■ **Problem details**
From the entries that follow, reproduce exactly and only the lines from the line with "Size: 44 It 10 Us 12 Uk" to the line with "Obraz premium Hispanic", endpoints included.
** Exercise material follows **
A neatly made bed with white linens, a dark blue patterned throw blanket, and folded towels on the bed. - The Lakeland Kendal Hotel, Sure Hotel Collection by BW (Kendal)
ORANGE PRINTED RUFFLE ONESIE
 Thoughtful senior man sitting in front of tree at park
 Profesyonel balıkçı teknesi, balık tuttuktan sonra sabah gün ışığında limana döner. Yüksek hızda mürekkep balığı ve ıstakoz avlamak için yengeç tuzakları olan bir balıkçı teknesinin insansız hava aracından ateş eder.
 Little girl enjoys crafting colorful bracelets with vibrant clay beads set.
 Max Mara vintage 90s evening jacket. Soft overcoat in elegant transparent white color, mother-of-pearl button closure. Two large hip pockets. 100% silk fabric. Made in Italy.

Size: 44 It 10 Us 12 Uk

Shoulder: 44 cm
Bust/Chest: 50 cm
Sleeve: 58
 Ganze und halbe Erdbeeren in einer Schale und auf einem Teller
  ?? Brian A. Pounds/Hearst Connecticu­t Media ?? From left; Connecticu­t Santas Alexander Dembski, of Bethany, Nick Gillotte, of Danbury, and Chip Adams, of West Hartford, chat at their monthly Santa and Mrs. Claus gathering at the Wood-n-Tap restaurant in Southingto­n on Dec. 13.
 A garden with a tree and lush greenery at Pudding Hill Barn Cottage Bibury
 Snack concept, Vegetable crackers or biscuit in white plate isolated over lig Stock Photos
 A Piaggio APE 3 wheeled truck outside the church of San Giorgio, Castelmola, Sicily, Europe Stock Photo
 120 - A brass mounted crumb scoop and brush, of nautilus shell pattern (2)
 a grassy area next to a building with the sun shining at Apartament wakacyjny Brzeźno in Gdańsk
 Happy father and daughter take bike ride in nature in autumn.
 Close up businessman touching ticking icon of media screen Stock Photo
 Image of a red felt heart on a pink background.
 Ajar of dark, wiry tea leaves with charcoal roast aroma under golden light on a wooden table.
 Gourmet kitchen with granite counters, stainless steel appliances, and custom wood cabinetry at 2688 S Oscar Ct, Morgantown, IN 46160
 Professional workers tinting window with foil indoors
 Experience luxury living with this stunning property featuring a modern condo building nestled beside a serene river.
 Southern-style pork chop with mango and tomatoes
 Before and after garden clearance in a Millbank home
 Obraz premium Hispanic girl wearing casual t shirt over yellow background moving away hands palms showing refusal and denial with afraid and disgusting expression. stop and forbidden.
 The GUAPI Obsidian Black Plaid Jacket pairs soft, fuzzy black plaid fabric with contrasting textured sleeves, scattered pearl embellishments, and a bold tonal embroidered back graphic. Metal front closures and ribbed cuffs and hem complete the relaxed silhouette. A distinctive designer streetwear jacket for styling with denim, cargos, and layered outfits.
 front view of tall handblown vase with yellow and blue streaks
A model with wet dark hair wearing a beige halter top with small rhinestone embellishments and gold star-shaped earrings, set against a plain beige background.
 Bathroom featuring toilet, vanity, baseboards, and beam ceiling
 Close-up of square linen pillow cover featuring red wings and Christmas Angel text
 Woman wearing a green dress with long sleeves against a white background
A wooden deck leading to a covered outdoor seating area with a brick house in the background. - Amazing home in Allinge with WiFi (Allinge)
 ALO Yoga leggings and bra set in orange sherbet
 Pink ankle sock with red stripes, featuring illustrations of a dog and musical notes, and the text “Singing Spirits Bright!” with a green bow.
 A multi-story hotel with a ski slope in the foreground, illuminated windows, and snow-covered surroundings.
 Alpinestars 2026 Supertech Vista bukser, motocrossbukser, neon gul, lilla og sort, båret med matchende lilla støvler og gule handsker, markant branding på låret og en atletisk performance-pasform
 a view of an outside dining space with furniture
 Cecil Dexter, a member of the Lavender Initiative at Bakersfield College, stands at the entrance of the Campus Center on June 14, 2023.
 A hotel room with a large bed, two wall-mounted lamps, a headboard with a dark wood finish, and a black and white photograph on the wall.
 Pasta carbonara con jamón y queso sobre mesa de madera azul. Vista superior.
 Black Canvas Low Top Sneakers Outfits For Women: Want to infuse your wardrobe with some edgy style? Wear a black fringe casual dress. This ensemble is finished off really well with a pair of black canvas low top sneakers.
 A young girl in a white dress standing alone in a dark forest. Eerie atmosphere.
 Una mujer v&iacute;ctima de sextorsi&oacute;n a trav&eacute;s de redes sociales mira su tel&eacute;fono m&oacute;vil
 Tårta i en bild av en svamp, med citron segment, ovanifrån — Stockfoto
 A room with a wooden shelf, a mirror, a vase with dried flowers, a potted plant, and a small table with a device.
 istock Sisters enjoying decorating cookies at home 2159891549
** End of Exercise material **
■ **Task answer**
Size: 44 It 10 Us 12 Uk

Shoulder: 44 cm
Bust/Chest: 50 cm
Sleeve: 58
 Ganze und halbe Erdbeeren in einer Schale und auf einem Teller
  ?? Brian A. Pounds/Hearst Connecticu­t Media ?? From left; Connecticu­t Santas Alexander Dembski, of Bethany, Nick Gillotte, of Danbury, and Chip Adams, of West Hartford, chat at their monthly Santa and Mrs. Claus gathering at the Wood-n-Tap restaurant in Southingto­n on Dec. 13.
 A garden with a tree and lush greenery at Pudding Hill Barn Cottage Bibury
 Snack concept, Vegetable crackers or biscuit in white plate isolated over lig Stock Photos
 A Piaggio APE 3 wheeled truck outside the church of San Giorgio, Castelmola, Sicily, Europe Stock Photo
 120 - A brass mounted crumb scoop and brush, of nautilus shell pattern (2)
 a grassy area next to a building with the sun shining at Apartament wakacyjny Brzeźno in Gdańsk
 Happy father and daughter take bike ride in nature in autumn.
 Close up businessman touching ticking icon of media screen Stock Photo
 Image of a red felt heart on a pink background.
 Ajar of dark, wiry tea leaves with charcoal roast aroma under golden light on a wooden table.
 Gourmet kitchen with granite counters, stainless steel appliances, and custom wood cabinetry at 2688 S Oscar Ct, Morgantown, IN 46160
 Professional workers tinting window with foil indoors
 Experience luxury living with this stunning property featuring a modern condo building nestled beside a serene river.
 Southern-style pork chop with mango and tomatoes
 Before and after garden clearance in a Millbank home
 Obraz premium Hispanic girl wearing casual t shirt over yellow background moving away hands palms showing refusal and denial with afraid and disgusting expression. stop and forbidden.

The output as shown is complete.